Other contributors allow us to consider seemingly familiar topics from a fresh perspective. Boaz Rottem’s photographs invite us to see what lies behind Asia’s exotic façades. Bill Tarrant warns of what may be Jakarta’s fate as he watches the city sink into the wetlands from which it had risen. Meanwhile, Shin Kyung-sook’s protagonist loses his sense of self in a capricious and inscrutable world, and Clara Chow’s vision of Singapore is of a city encased in ice and snow, victim to catastrophic climate change.

From Britain, the poet Imtiaz Dharker celebrates the joyous muddle of her identity as a Pakistani Glaswegian – but in Drummer, an elegy to Lee Rigby, she has no doubt about where she stands. ‘Hack at you,’ she says to him, ‘and the city bleeds.’ In her poem we hear the drum that ‘speaks the difficult name, the name of peace.’ We at the Asia Literary Review believe in the vital importance of beating that same drum in the pursuit of original ideas and authentic voices.

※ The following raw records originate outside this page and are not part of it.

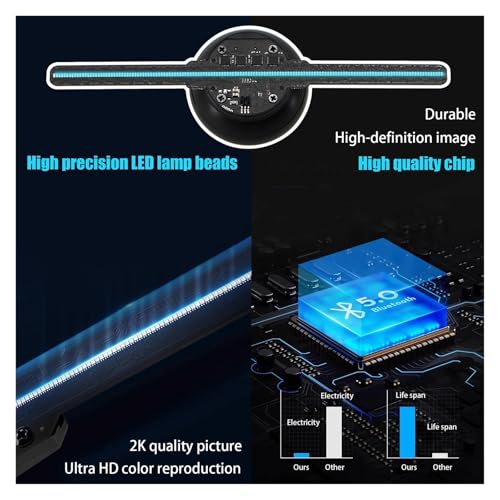 5.5in 3D Hologram Fan with 128 LED Beads HD Flicker-Free Projection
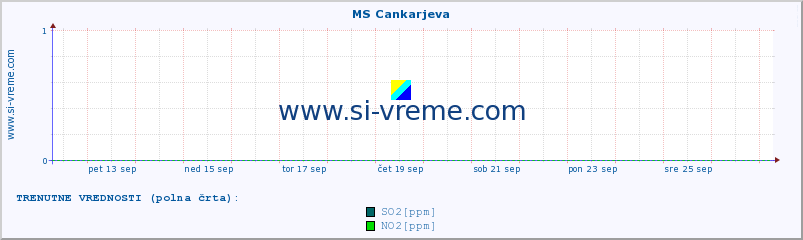 POVPREČJE :: MS Cankarjeva :: SO2 | CO | O3 | NO2 :: zadnji mesec / 2 uri.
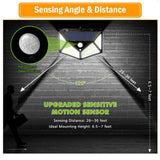 CRONY SH-100LED Solar Powered LED Wall Light Outdoor Backyard Garden Stair Solar Powered 4 Sides Lighting Wall Lamp 100LED Motion - Edragonmall.com
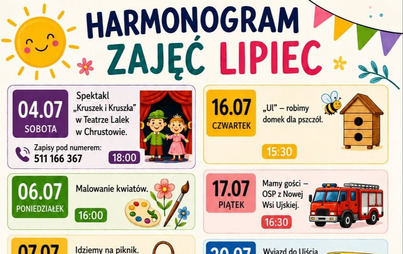 Zdjęcie do Robimy naleśniki!
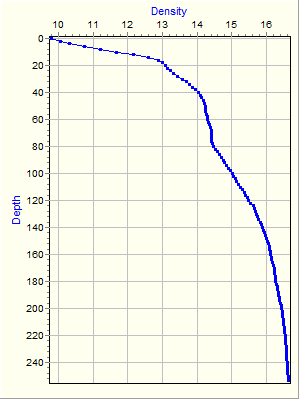 Variable Plot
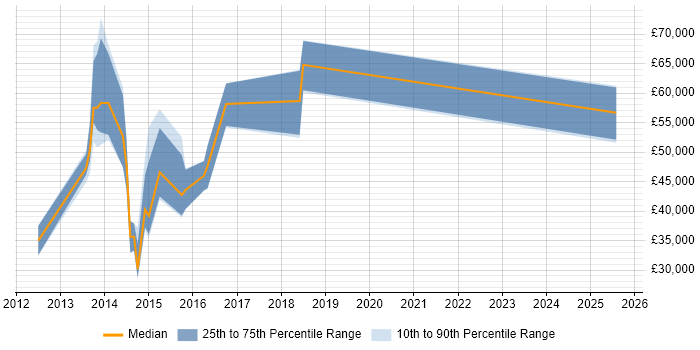 Salary distribution trend for jobs in Hertfordshire citing Neo4j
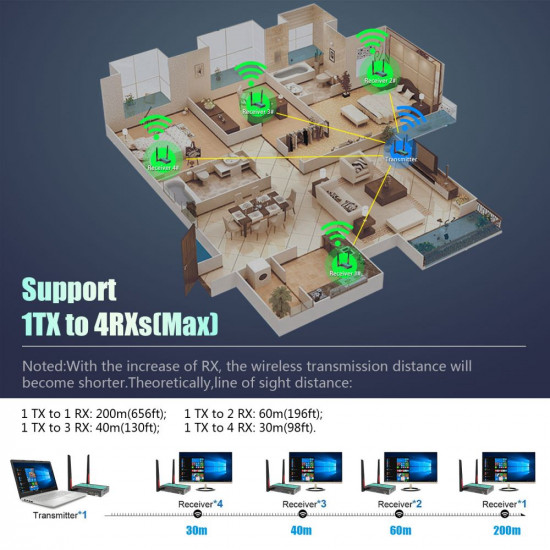 Mirabox Wireless HDMI Transmitter and Receiver Extender Mirabox Wireless HDMI Transmitter and Receiver Extender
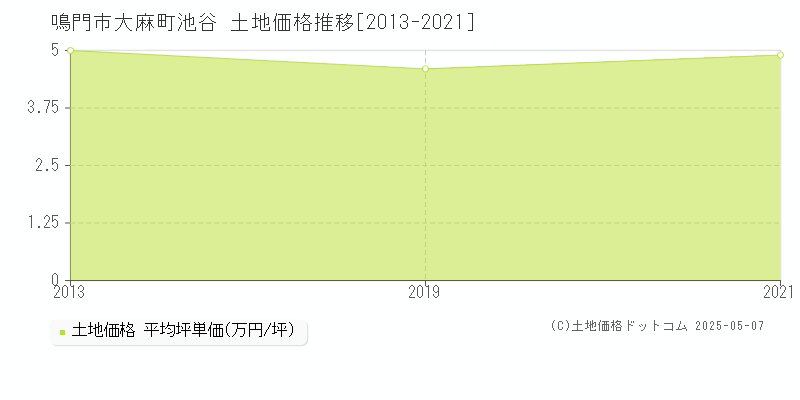 大麻町池谷(鳴門市)の土地価格推移グラフ(坪単価)[2013-2021年]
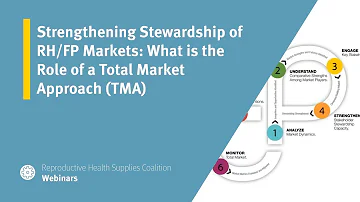 Strengthening Stewardship of RH/FP Markets: What is the Role of a Total Market Approach (TMA)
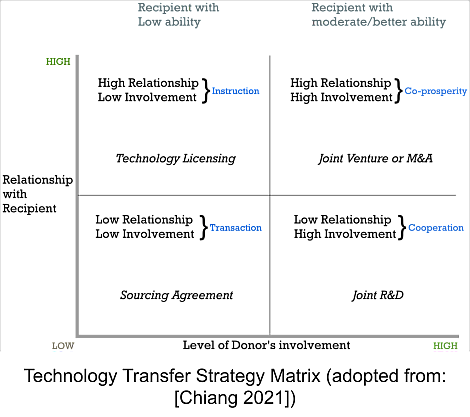 Indian Semiconductor Expertise: All About Technology Transfer, Plus Need For An “Aatmanirbharta Index”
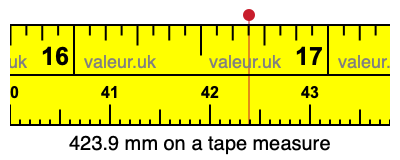 423.9 millimeters on a tape measure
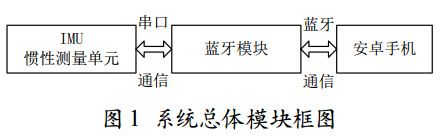 图 1 运动检测系统总体模块框图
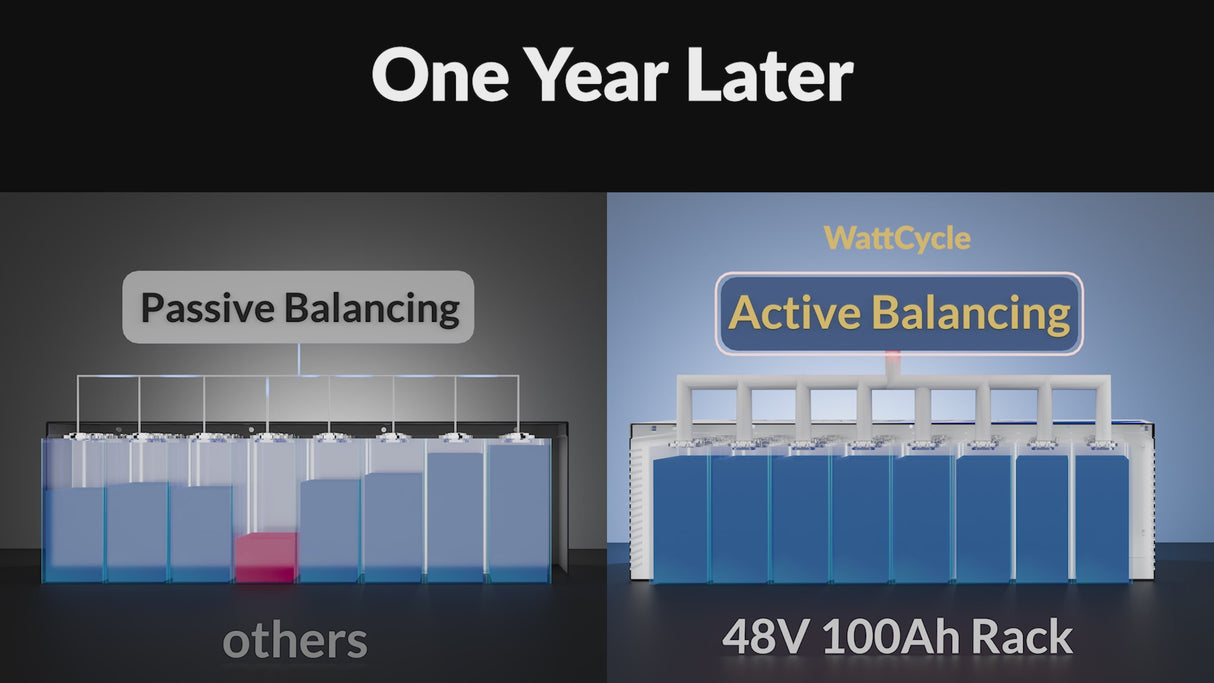Flagship 48V 100Ah LiFePO₄ Server Rack Battery Gen2 – Active Balancing, LCD, Bluetooth & Smart Comms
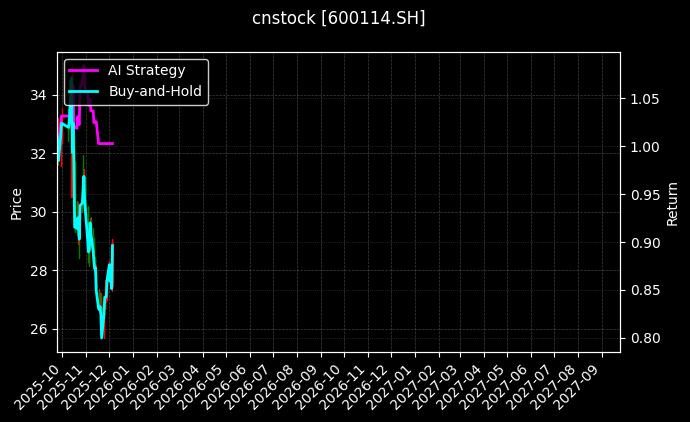 东睦股份[600114.SH]图表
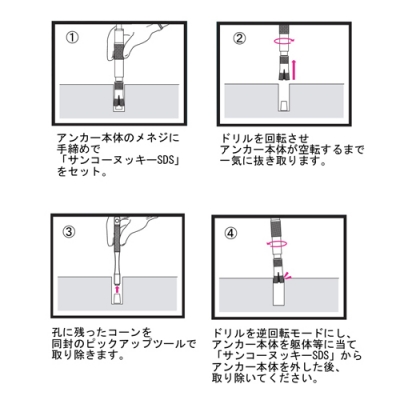 サンコーヌッキーSDS　W3/8用　 SDS-Plus軸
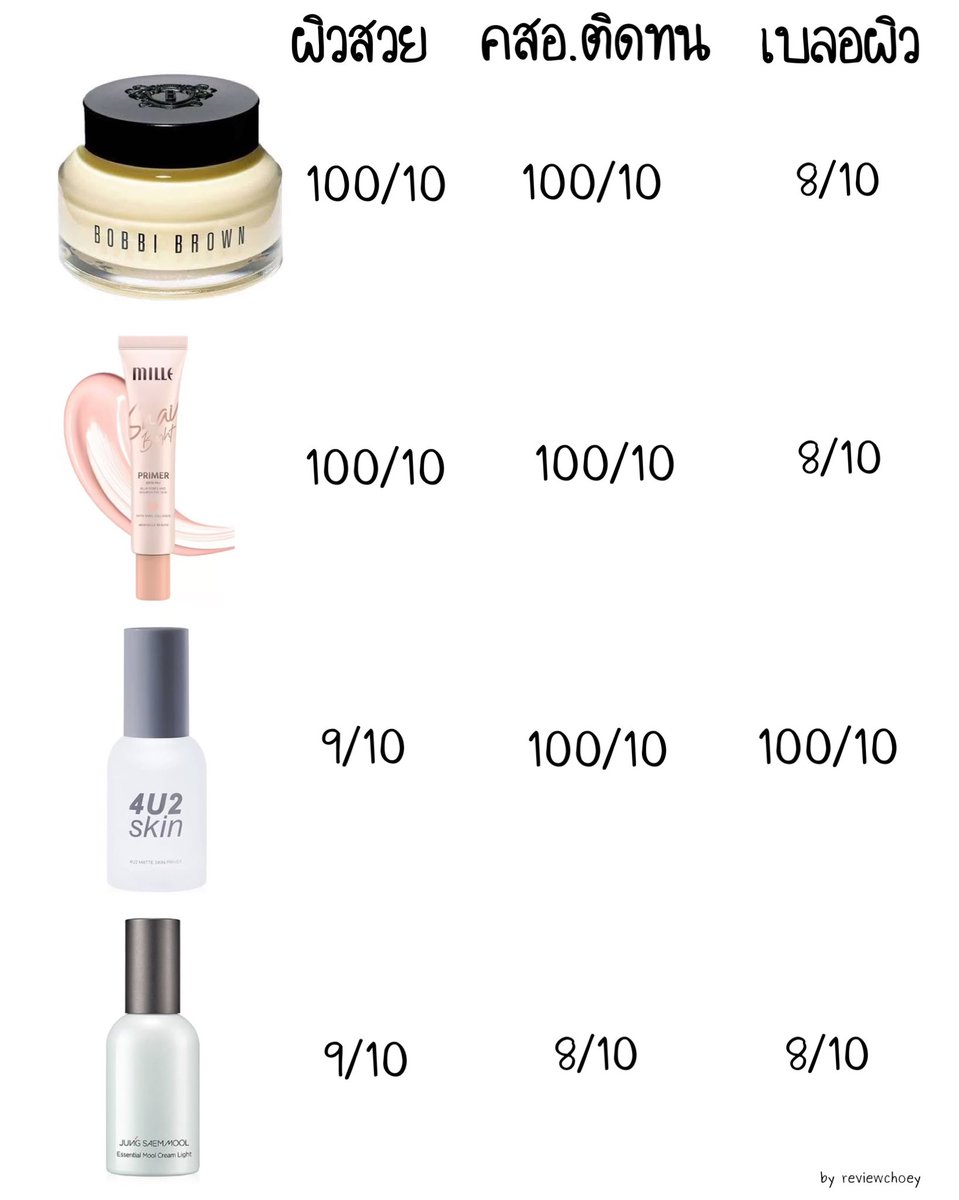 เทียบไพรเมอร์/เบส 4 ตัวที่หยิบใช้บ่อยๆ✨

We don’t wish to debate whether this is the Year of the Sheep, Goat or Ram. We simply acknowledge the virtues of the animal – gentleness, consideration, persistence, thrift. We also note that the pictogram for yang (and the animal depicted on our cover) has horns. We therefore draw energy from the notion that, whether mild sheep, wily goat or cantankerous ram, each of us has the means to take a stand.